I liked to watch Imaging make bread in the kitchen, to see her get up on a stool to knead it because she’s too short to stand on the floor and work the big, heavy globs of whole wheat dough on the countertop.

“Fresh bread is wealth,” I said, “and I’m a wealthy man. Do the men bake bread in the Yellow Thunder Camp?” I asked Leach.

“That’s different,” he said. “They’re trying to recapture the old ways.”

“Ah, yes. There was a division of labor then. The men killed the enemy, and the women scalped them. And the women also made pemmican.”

“The buffalo are gone,” Leach said. “This is a different time.”

“Well, maybe the Indians were regaining their old ways when they killed Tollefson. He was the white man, the enemy, standing over the camp looking down on the women and children. Wasn’t it natural for them to kill their traditional enemy?”

Finally, Imaging said, “I never did understand what Tollefson was doing there.”

Leach answered. “Tollefson told his girls’ soccer coach, who’s a psychologist, that he thought the camp ought to be blown off the face of the earth. He was real upset about the Indians. The psychologist said that it terrified him the way Tollefson talked like that, and he said Tollefson had a wild look in his eye.”

“It was an issue of place,” I said again.

The kitchen grew silent. I waited. Then I said, “A lot of the folks in Rapid City feel the same way as Tollefson—hating the Indians for taking over the National Forest.”

“I think Tollefson was inviting trouble up there,” Imaging said. “It takes two for a fight like that. That white man went up there into hostile territory by himself, with his guns, looking for trouble.”

I pulled out the sheriff’s report and began to read it aloud. “‘Tollefson was an experienced gun handler and a good shot, his friend Ed Murphy said. Murphy had seen Tollefson at various times shoot a large-caliber pistol one-handed. Murphy said Tollefson was a man to hold his ground. He enjoyed the Black Hills and felt the national forest was a recreational area for both himself and everyone else. He was determined to go there and be where he wanted to be. Murphy advised that Tollefson would speak his mind. He didn’t buy that the 1868 treaty gave the Black Hills back to the Indians. And he wouldn’t back down in any conversation.’”
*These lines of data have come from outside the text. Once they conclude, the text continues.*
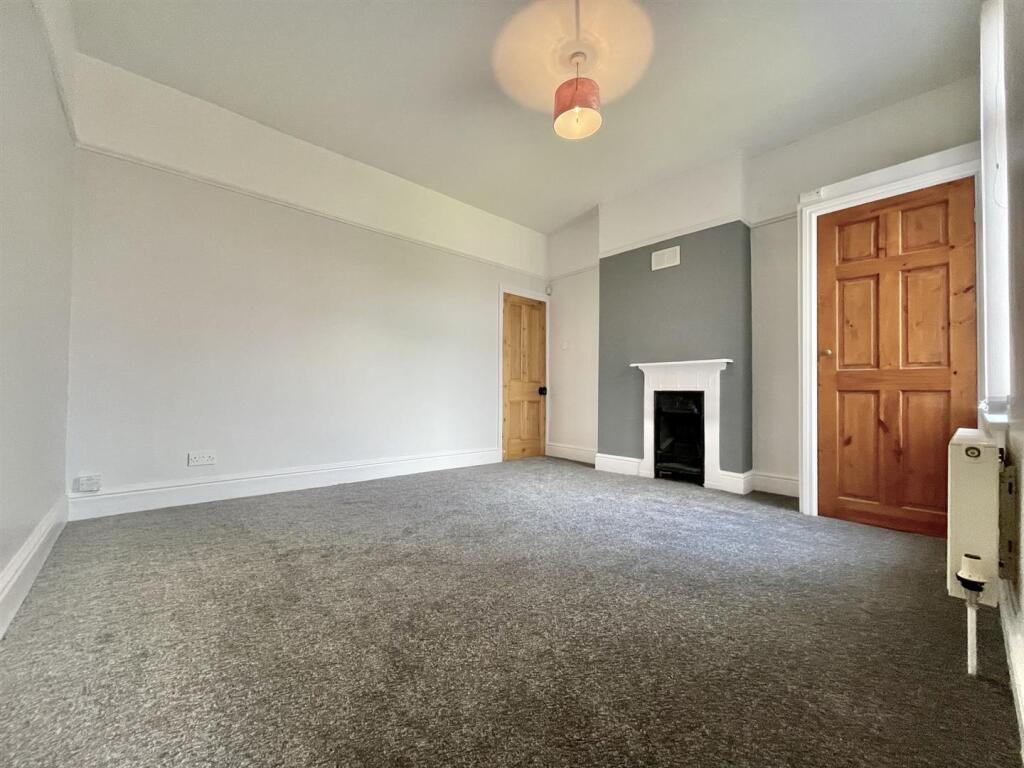 110 Beech Bedroom 2.jpeg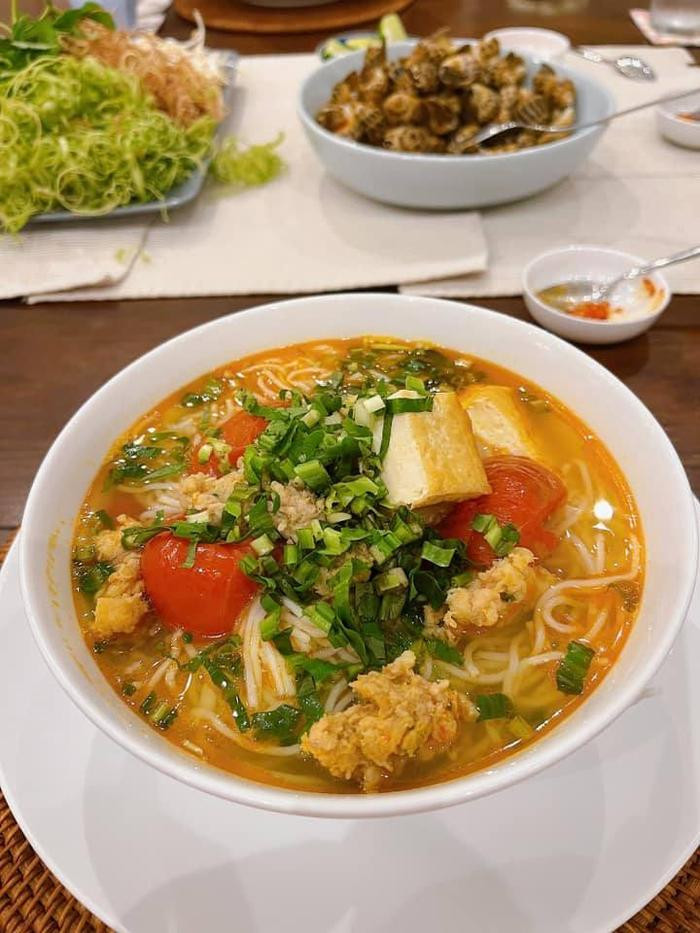 Tăng Hà Hà khiến dân tình trầm trồ khi tự tay thực hiện loạt món ăn Việt cực bắt mắt Ảnh 10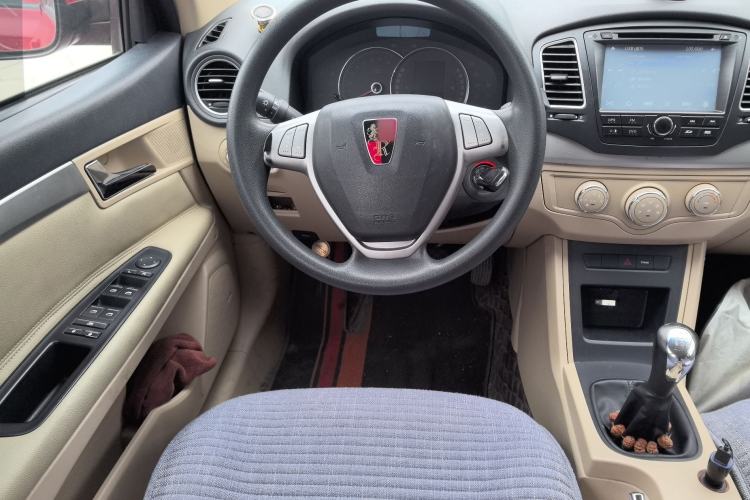 Used Roewe 350 2015 1.5L Manual Luxury Sunroof Edition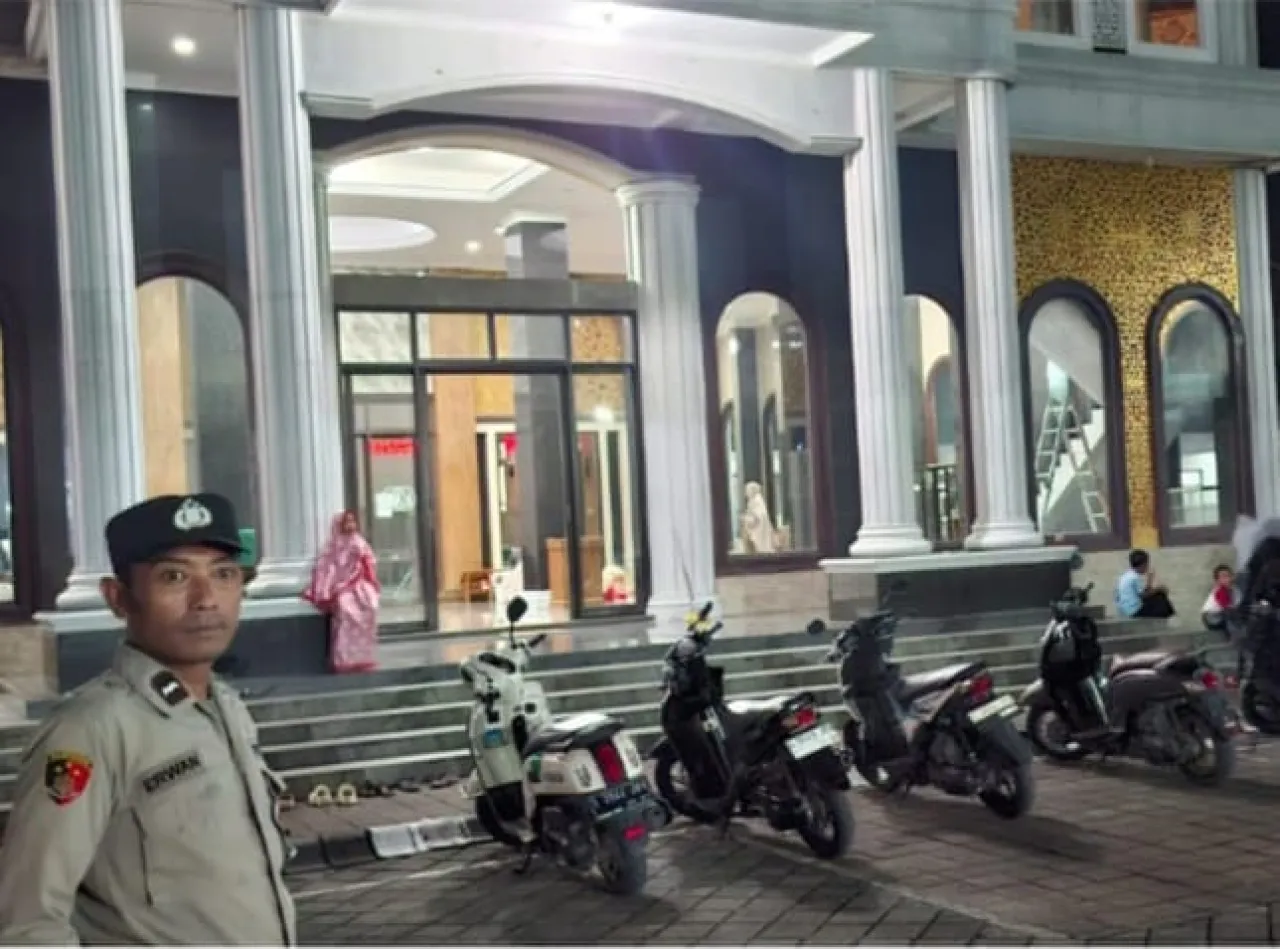 Kegiatan Patroli Sholat Taraweh Bersama Warga di Masjid Al Fattah Desa Sendangrejo Ngimbang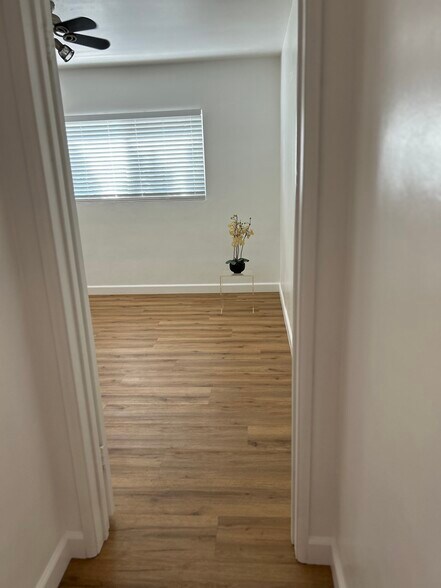 Bedroom - 1156 N Ardmore Ave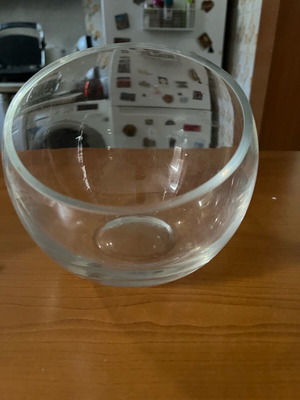 Round glass vase ball from London like new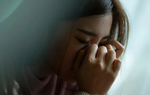 Đến nhà bạn trai, thấy người con gái ngồi trong phòng tối mà tôi đau lòng
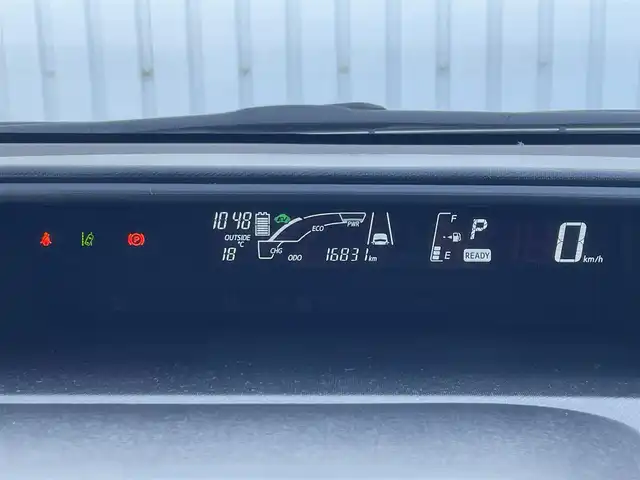 トヨタ アクア S スタイルブラック 滋賀県 2016(平28)年 1.7万km ライムホワイトパールクリスタルシャイン 純正SDナビ/・AM/FM/・CD/DVD/SD/・Bluetooth/・フルセグTV/バックカメラ/ステアリングスイッチ/革巻きステアリング/オートマチックヘッドライト/LEDヘッドライト/フォグランプ/プリクラッシュセーフティ/レーンキープアシスト/オートハイビーム/コーナーセンサー/電動格納ミラー/ドアバイザー/純正15インチアルミホイール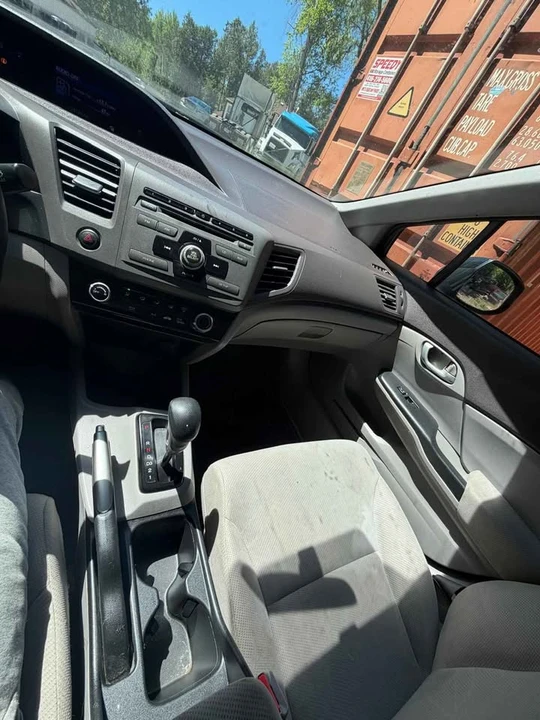 2013 Honda Civic 9th Gen - Image 8 of 9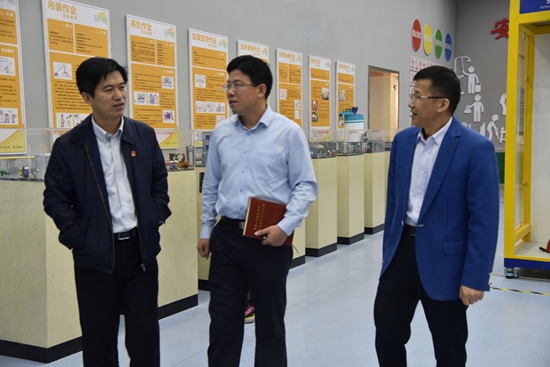 區(qū)委組織部領(lǐng)導(dǎo)指導(dǎo)集團黨建工作72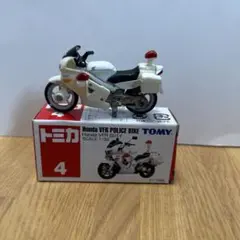No.4 Honda VFR 白バイ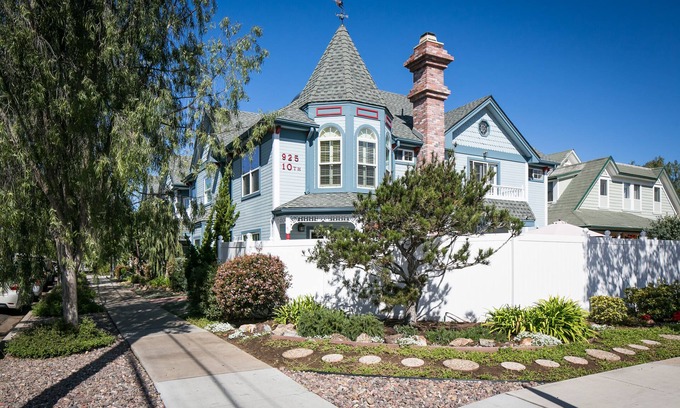 Coronado House | Heart Of The Village - Walk To Everything!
Leach said, “Tollefson liked to drive his four-wheel camper around, shoot turkeys, shoot targets and tin cans. At the same time, the Black Hills are sacred to the Lakota,” Leach said, “like the Holy Land is to the Christians. How would the Pope and all the world’s Catholics like it if the Indians set up a recreation center, a bowling alley, say, in St. Peter’s Cathedral?”

“A lot of Indians are Catholic,” I said.

“You can buy a Coca-Cola where Jesus walked,” Imaging said.

“Christ ran the money changers out of the temple,” Leach said.

“He didn’t kill them,” Imaging was quick to reply. She should have been a trial lawyer.

Leach said, “Tollefson was symbolic of the white culture standing up there on a high place looking down at the Indian and threatening him.”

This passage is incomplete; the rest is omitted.